[WHAT NEEDS TO BE DONE]
From the line with "דגל איראן (צילום: shutterstock)" to the end of the data below, restate each line word for word, both ends included, without the pictures.

►

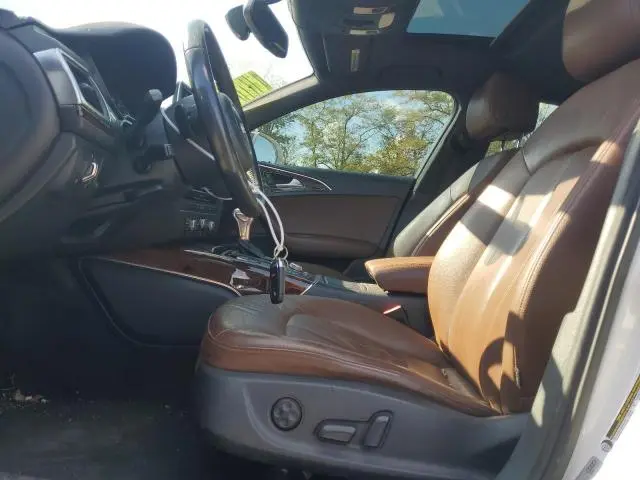 2015 AUDI A6 PREMIUM PLUS  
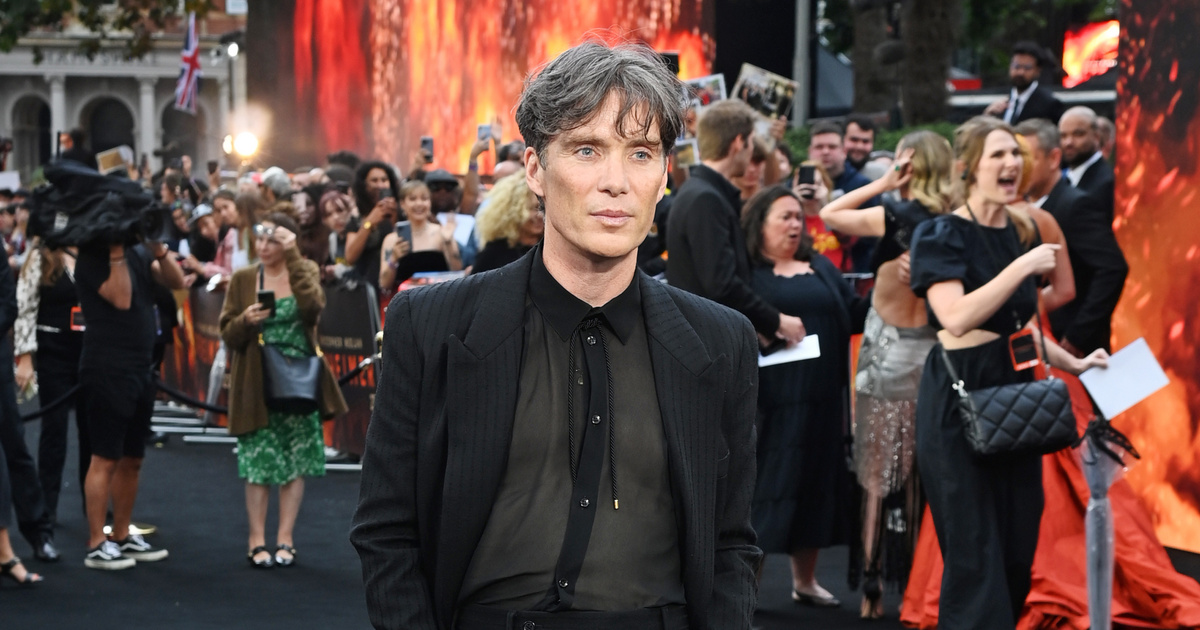 „Nem akarom, hogy az legyen a címlapokon, hogy mennyit fogytam a szerepért” – Cillian Murphy kiakadt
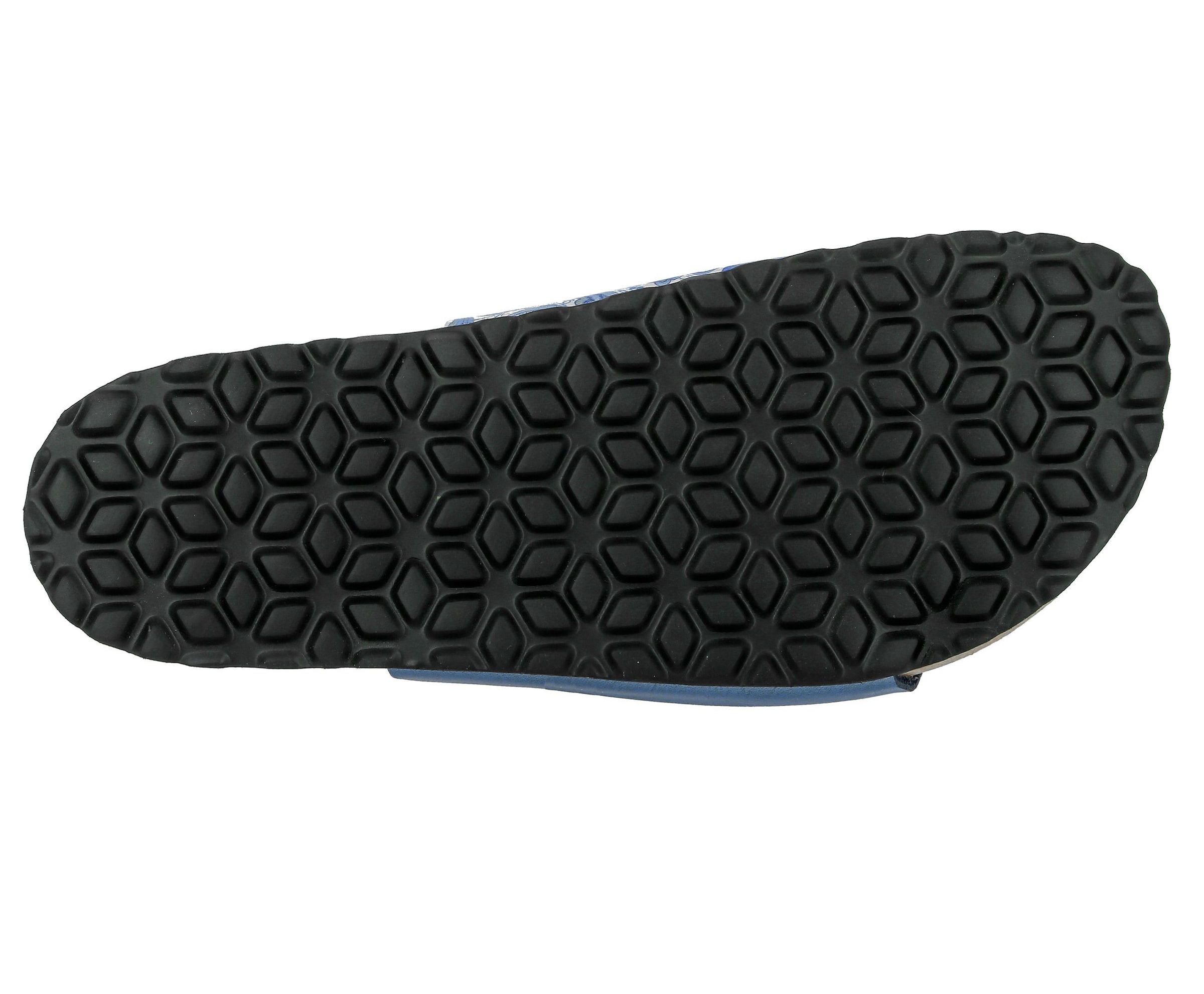 Lico Pantolette »Pantolette Bioline Flower«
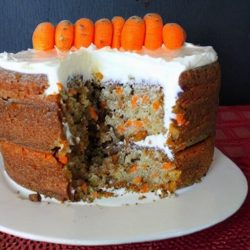 Carrot Cake 1 Carrot Cake Travel Food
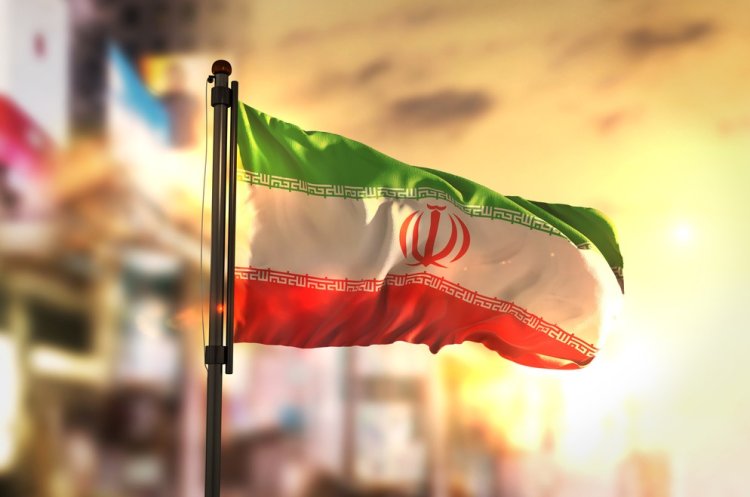 דגל איראן (צילום: shutterstock)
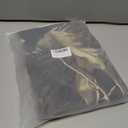 Forest Camouflage Curtains,Wild Animal Bear Deer Elk Blackout Rod Pocket Window Drapes for Living Room Bedroom Decor W42xL45in (Style)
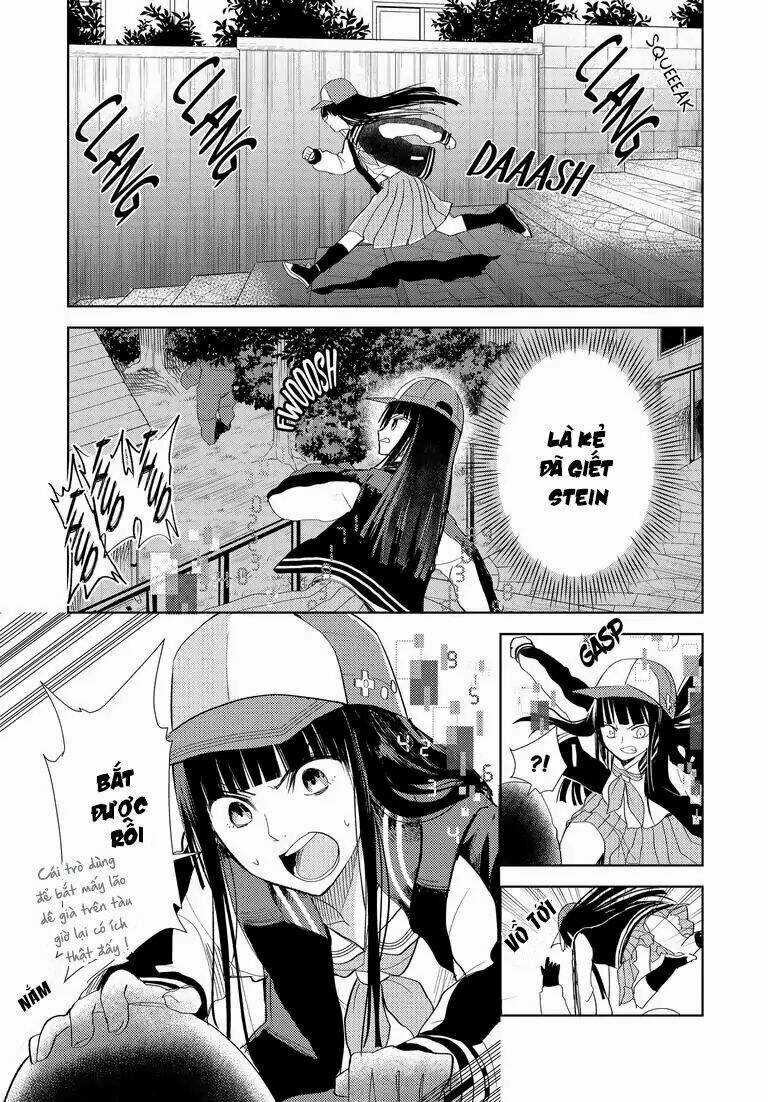 Repeating Your End Together - Chapter 4 - Trang 2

◄

[SOLUTION TO THIS EXERCISE]
 דגל איראן (צילום: shutterstock)
 Forest Camouflage Curtains,Wild Animal Bear Deer Elk Blackout Rod Pocket Window Drapes for Living Room Bedroom Decor W42xL45in (Style)
 Repeating Your End Together - Chapter 4 - Trang 2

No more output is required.